Rodis et Tael sortirent finalement sur la place du monument du Temps tout-puissant. Rodis l’avait vu très vite en passant en voiture et voulait l’examiner de près. Quatre éclairages lançaient une lumière plombée sur le monument.

— Et comment reviendrez-vous ? s’inquiéta Tael.

— Comme je suis sortie.

— Hypnose collective ! approuva l’ingénieur : on l’utilise chez nous pour les confessions publiques : Les biologistes ont fabriqué un appareil spécial en forme de serpent avec combinaison de musique, de mouvement rythmique et d’hypnose causée par la lumière.

— Beaucoup de gens, chez nous, reçoivent ce don particulier. En le renforçant par un entraînement spécial, ils deviennent des médecins, mais moi, je ne suis pas médecin. Pourtant ce don, inutile pour les historiens, s’avère utile de façon imprévue…

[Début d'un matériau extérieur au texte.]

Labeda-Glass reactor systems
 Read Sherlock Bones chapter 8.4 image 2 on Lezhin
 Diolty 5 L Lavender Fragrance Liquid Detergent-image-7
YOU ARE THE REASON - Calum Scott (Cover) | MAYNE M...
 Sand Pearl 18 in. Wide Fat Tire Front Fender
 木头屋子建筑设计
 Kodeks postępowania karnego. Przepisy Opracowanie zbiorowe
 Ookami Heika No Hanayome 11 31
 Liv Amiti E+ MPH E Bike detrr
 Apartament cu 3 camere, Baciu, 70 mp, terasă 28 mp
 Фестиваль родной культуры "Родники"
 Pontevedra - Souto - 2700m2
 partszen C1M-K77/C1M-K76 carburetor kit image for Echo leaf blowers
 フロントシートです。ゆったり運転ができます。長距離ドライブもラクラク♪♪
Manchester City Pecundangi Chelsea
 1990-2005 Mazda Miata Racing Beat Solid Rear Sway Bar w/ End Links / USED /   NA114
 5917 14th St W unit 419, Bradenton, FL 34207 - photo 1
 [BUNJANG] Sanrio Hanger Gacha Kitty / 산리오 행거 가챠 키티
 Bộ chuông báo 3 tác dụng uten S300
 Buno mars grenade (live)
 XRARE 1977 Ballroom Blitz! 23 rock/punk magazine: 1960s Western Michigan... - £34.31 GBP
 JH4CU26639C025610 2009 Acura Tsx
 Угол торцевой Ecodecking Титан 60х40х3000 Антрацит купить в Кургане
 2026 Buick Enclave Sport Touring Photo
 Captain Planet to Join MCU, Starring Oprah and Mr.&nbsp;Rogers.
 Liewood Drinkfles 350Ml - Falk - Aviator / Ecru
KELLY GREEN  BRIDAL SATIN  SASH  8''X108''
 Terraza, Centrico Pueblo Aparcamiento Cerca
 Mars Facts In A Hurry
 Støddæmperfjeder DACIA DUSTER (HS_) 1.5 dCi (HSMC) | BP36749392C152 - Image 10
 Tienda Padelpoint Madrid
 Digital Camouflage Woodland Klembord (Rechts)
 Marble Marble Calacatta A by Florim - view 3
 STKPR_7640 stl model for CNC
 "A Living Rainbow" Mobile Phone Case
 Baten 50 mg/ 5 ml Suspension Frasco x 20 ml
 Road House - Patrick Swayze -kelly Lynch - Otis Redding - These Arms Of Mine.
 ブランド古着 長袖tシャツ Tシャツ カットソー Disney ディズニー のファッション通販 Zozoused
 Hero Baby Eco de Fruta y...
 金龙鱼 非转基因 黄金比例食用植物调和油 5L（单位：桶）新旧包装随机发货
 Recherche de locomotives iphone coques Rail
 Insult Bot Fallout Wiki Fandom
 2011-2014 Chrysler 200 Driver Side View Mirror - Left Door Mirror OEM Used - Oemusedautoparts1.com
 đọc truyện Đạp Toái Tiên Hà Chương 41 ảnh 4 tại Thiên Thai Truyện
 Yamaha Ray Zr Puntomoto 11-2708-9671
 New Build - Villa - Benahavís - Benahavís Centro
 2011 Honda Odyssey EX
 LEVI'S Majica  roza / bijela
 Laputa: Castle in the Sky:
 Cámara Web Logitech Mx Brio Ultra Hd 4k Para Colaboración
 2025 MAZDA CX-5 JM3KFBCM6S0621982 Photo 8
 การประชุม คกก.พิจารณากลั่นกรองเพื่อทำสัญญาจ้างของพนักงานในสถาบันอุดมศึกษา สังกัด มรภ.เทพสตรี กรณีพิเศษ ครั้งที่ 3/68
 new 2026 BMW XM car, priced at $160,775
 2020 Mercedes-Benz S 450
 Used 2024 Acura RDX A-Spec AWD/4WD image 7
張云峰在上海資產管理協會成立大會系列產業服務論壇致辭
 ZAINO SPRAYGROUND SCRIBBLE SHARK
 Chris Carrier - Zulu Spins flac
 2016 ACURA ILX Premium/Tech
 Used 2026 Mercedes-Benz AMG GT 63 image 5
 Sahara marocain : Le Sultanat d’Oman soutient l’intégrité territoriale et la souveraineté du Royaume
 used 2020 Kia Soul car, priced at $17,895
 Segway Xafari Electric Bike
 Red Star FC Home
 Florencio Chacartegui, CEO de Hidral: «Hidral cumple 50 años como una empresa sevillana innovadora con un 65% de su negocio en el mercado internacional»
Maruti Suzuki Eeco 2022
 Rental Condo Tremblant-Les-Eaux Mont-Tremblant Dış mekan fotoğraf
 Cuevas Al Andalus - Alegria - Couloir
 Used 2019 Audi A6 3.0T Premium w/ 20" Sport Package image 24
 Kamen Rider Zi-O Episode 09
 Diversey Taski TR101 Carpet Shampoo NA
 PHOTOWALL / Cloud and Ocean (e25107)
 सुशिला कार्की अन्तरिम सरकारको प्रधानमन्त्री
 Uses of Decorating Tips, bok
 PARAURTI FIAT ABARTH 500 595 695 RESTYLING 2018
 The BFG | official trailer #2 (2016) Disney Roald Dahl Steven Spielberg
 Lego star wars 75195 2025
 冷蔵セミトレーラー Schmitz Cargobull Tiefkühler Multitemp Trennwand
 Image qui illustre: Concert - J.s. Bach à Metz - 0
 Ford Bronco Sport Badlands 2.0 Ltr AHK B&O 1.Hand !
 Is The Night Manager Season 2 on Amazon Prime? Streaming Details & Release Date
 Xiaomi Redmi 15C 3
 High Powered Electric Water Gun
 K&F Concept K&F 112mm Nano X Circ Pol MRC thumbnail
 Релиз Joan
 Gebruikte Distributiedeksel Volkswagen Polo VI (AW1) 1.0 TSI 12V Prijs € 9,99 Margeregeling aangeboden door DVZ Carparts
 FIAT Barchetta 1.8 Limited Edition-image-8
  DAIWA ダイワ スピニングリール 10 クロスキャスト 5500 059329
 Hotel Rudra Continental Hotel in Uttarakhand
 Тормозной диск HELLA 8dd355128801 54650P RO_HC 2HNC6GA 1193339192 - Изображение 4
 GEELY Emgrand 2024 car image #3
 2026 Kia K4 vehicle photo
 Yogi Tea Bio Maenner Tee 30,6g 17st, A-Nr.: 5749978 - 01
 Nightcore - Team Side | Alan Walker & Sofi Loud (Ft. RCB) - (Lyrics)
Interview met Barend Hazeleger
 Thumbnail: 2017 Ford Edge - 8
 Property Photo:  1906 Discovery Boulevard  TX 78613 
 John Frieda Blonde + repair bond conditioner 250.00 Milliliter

On entendit des pas au loin. L’ingénieur disparut derrière le piédestal, mais Rodis se mit à faire lentement le tour du monument ancien, s’efforçant de comprendre les sentiments du peuple de Ian-Iah qui avait vécu là des millénaires auparavant. Quatre silhouettes masculines fondues ensemble aux dimensions gigantesques. Sur le soubassement circulaire était écrit en lettres énormes et dorées : « Au temps tout-puissant ». Le géant de pierre était debout, les jambes écartées. Son visage impassible et inexpressif regardait l’espace découvert où convergeaient les rues étroites de la ville. Il tenait dans ses deux mains un immense bouclier portant une inscription. Un serpent de l’espèce de Tormans à la tête rétrécie sur les côtés, dépassait du bouclier, ses grandes dents venimeuses apparaissaient dans sa gueule ouverte. « Celui qui a peur de la tombe du Temps sera mangé par le serpent éveillé » lisait-on sur le bouclier. Dans la partie droite, dissimulant sous un sourire le sens sibyllin et malfaisant de l’inscription, le Temps, sous sa seconde apparence, laissait voir, sous la main tendue, des personnages flous sortant du piédestal. Dans l’autre partie, le même géant, la bouche énorme ouverte dans un rictus cruel, les narines gonflées, et le nez camus, faisait tournoyer une épaisse massue plantée de clous. Les gens se tordaient en tous sens pour protéger leurs visages et leurs têtes, tombaient à genoux, se tortillaient, ouvrant leurs bouches noircies en un cri inarticulé de souffrance. Là où la massue ne pouvait déjà plus l’atteindre, un cortège était tombé dans un fossé recouvert d’une grille à peine visible.